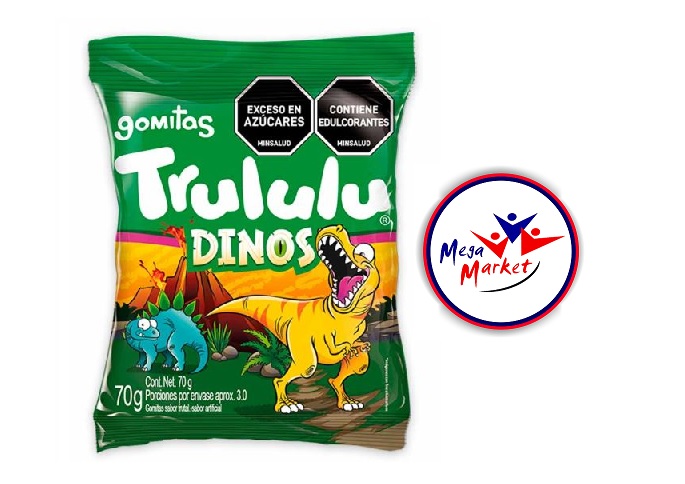 GOMITAS TRULULU DINOS X 80 GR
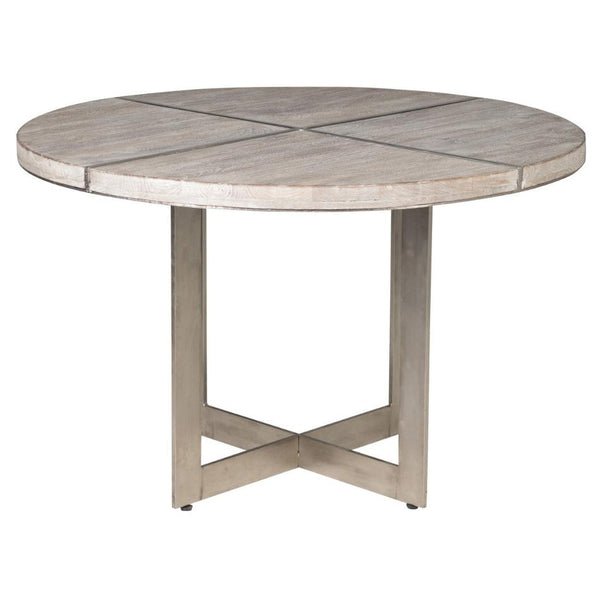 Classic Home Round Desmond Dining Table with Pedestal Table 51010885 IMAGE 1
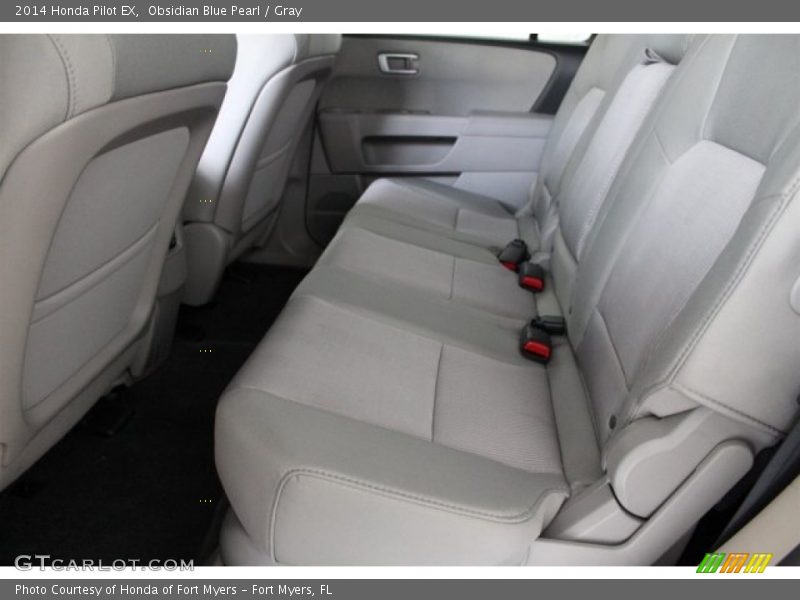 Obsidian Blue Pearl / Gray 2014 Honda Pilot EX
•••••
At the line containing "Classic Home Round", start reproducing exactly, and stop after the last line of the listing; include both ends, and leave the pictures out.

§ Task answer:
 Classic Home Round Desmond Dining Table with Pedestal Table 51010885 IMAGE 1
 Obsidian Blue Pearl / Gray 2014 Honda Pilot EX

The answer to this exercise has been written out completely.